French philosopher and theologian

Pierre Cally (25 September 1630 – 31 December 1709) was a French Catholic Cartesian philosopher and theologian.

==Life==
He was born at Ménil-Hubert-sur-Orne near Falaise, now Orne, France. In 1660 he was appointed professor of philosophy and eloquence in the University of Caen, and in 1675, president of the Collège des Arts in the same city. In 1684 he assumed charge of the parish of Saint-Martin. He was an associate of Pierre Daniel Huet, who converted him to Cartesianism, and Jean Renaud de Segrais. Cally died 31 December 1709.

==Works==
He wrote a course of philosophy, Universæ philosophiæ institutiones (Caen, 1695), in which the theories of Descartes are explained and defended. He worked for the conversion of Protestants, and gave conferences in which he endeavoured to solve their difficulties. For the same purpose, and in reply to the Jesuit Louis Le Valois, he composed a book on the Eucharist, Durand commenté, ou accord de la philosophie avec la théologie touchant la transsubstantiation de l'eucharistie (Caen, 1700).

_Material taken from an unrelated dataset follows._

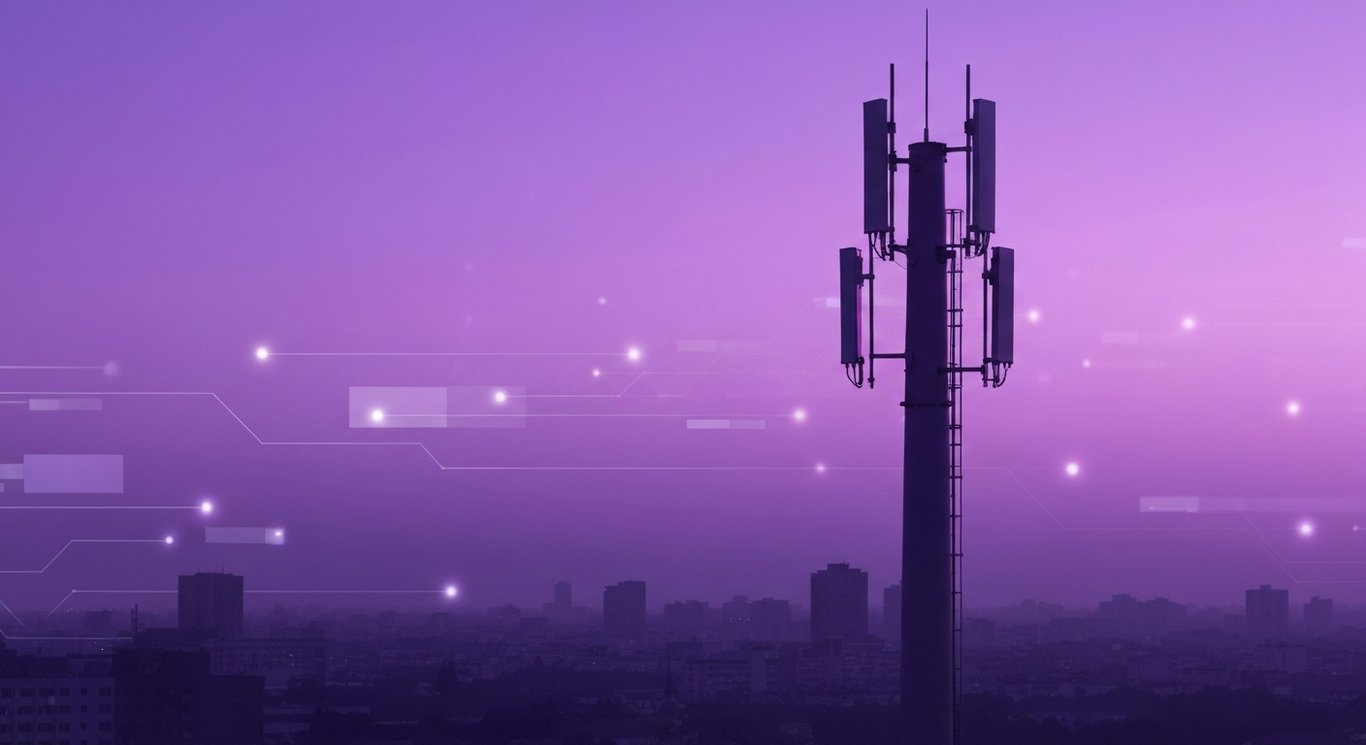 Mobile communication tower in front of a city skyline with a soft purple-toned backdrop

In it he denies the existence of absolute accidents and, instead of transubstantiation, admits a transformation. Before and after the consecration the matter of the bread remains the same; by the consecration the matter of the bread becomes the matter of the body of Christ. A publisher in Caen was asked to print sixty copies of the work to be sent to competent judges before making it public. In fact, eight hundred copies were printed immediately and sold. At once the book became the subject of many discussions, and was bitterly denounced. On 30 March 1701, François de Nesmond, bishop of Bayeux condemned seventeen propositions taken from Cally's work as leading to heresy concerning transubstantiation. Cally made a public retraction on 21 April that year.

He also wrote

- "Doctrine hérétique et schismatique touchant la primauté du pape enseignée par les jésuites dans leur collége de Caen" (1644);
- "Discours en forme d'homélies sur les mystères, sur les miracles et sur les paroles de Notre-Seigneur Jésus-Christ qui sont dans l'évangile" (Caen, 1703),

and published a new edition with commentaries of Boethius's work, De consolatione philosophiae (Caen, 1695).